That's a fine looking rifle and something you can be proud of.

It's been pointed out on this thread and some others that this forum seems to be taking some unfortunate directions. I second that motion. There's been some unnecessary negative comments, a few personal attacks, and a lot of off topic discussion. But what I think is the biggest shame has been a general dumbing down on a lot of posts.

There are too many misstatements and down right errors being passed off as facts. It's almost as if some people get all their information from the internet.

Smokey Plainsman said:
The original Hawkens used plainer maple and had browned iron, no case hardening.
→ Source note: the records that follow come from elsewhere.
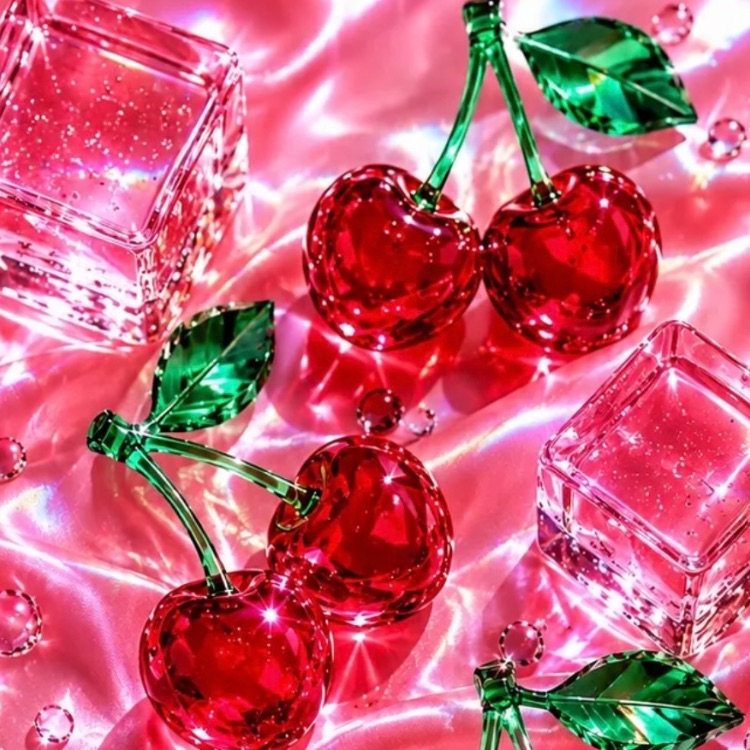 Иконка канала 🍒ВАСИЛЁК🍒
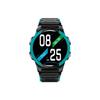 SaveFamily Slim Smartwatch Avec GPS Et Appels 4G Vert (Green)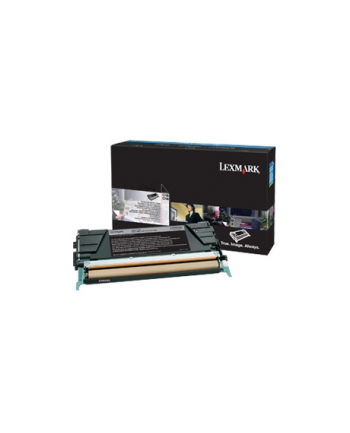 LEXMARK X264H80G Toner Lexmark black rekondycjonowany 9000 str. X264 / X363 / X364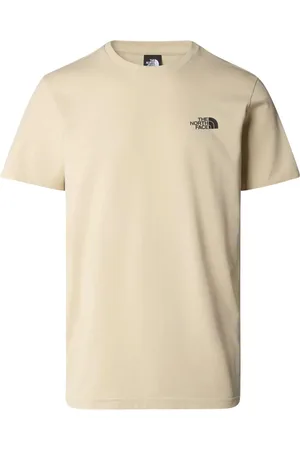 The North Face Tops, Heren, , L, Katoen, Eenvoudige Dome Tee Shirt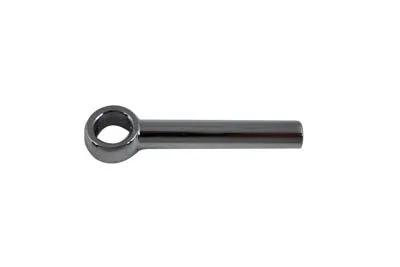 York Foot Clutch Pull Rod End Chrome for Harley Davidson EL and FL Models - Part 19149 by York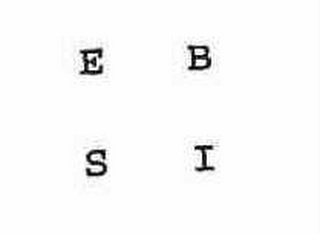 E B S I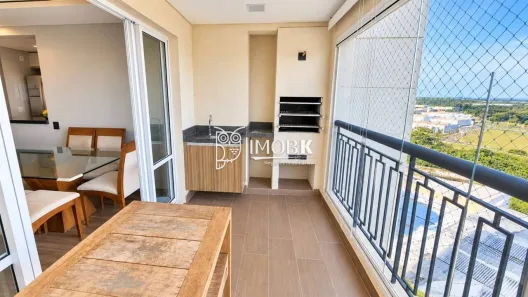 Apartamento com 3 Quartos à venda, 97m² no Jardim Ermida I, Jundiaí
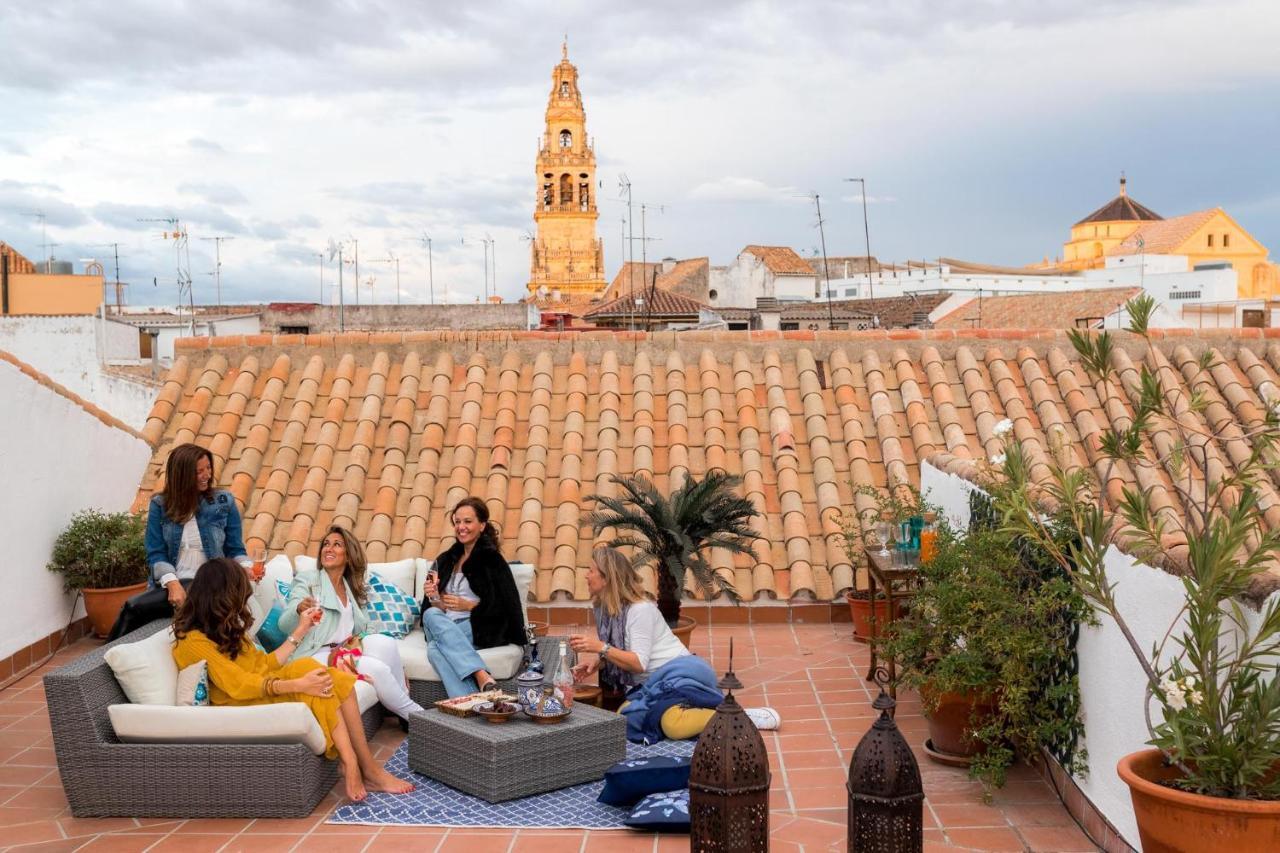 Las Casas De Dona Concha Mezquita Apartman Córdoba Kültér fotó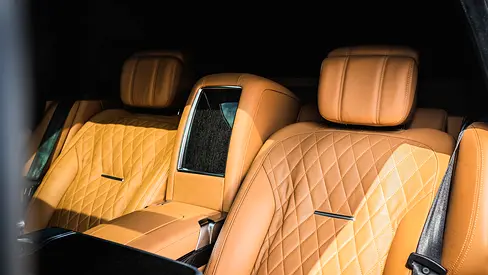 2021 LAND Rover RANGE ROVER 缩略图 7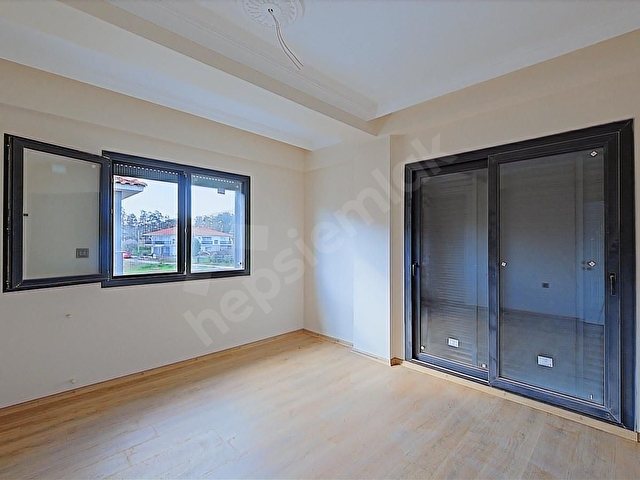 FOÇA BAĞARASI VİLLALAR BÖLGESİNDE 3+1 SATILIK VİLLA - Görsel 30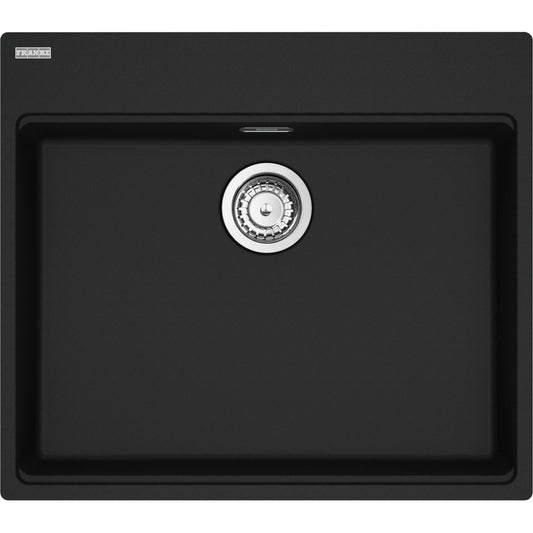 Franke Maris MRG 610-60 Care Bowl Kitchen Sink - The Tap Specialist
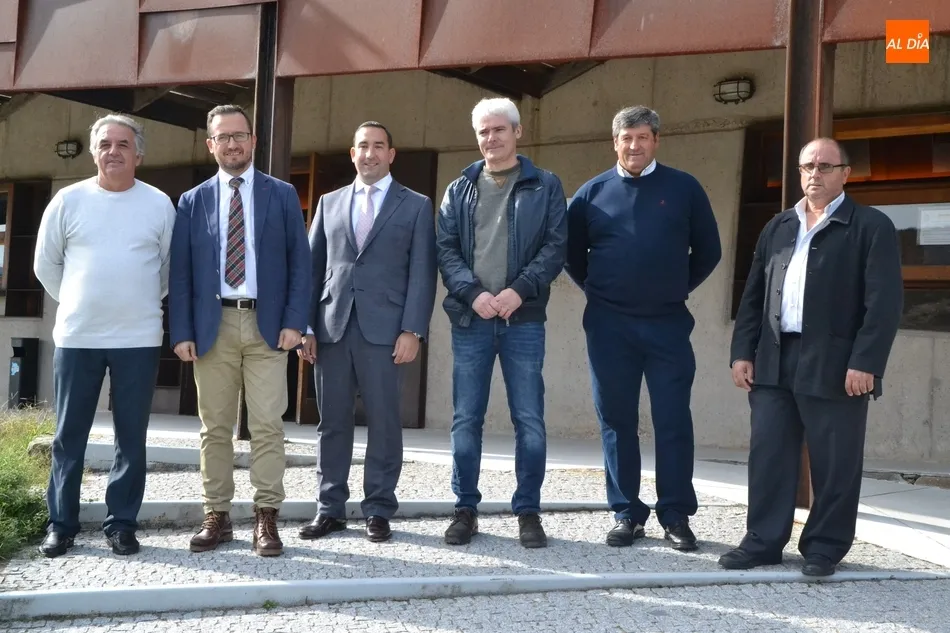 Foto 6 - Siega Verde ser&aacute; objeto de una inversi&oacute;n de 700.000&euro; gracias al proyecto Paleoarte  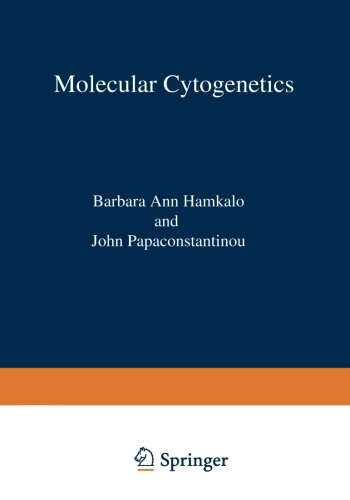 预订 Molecular Cytogenetics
Also those sights are much more elaborate than those found on the originals.

Smokey, I don't mean to pick on you, and obviously I mean nothing personal, but you appear to have made a comment that you probably heard or read somewhere on the internet and repeated it here as fact.

One of the truisms about Hawken rifles is that it is very dangerous to make rules or absolute statements about them. The brothers operated the shop for about 30 years and others continued the operations for almost another half century. During that time, all types of rifles were produced.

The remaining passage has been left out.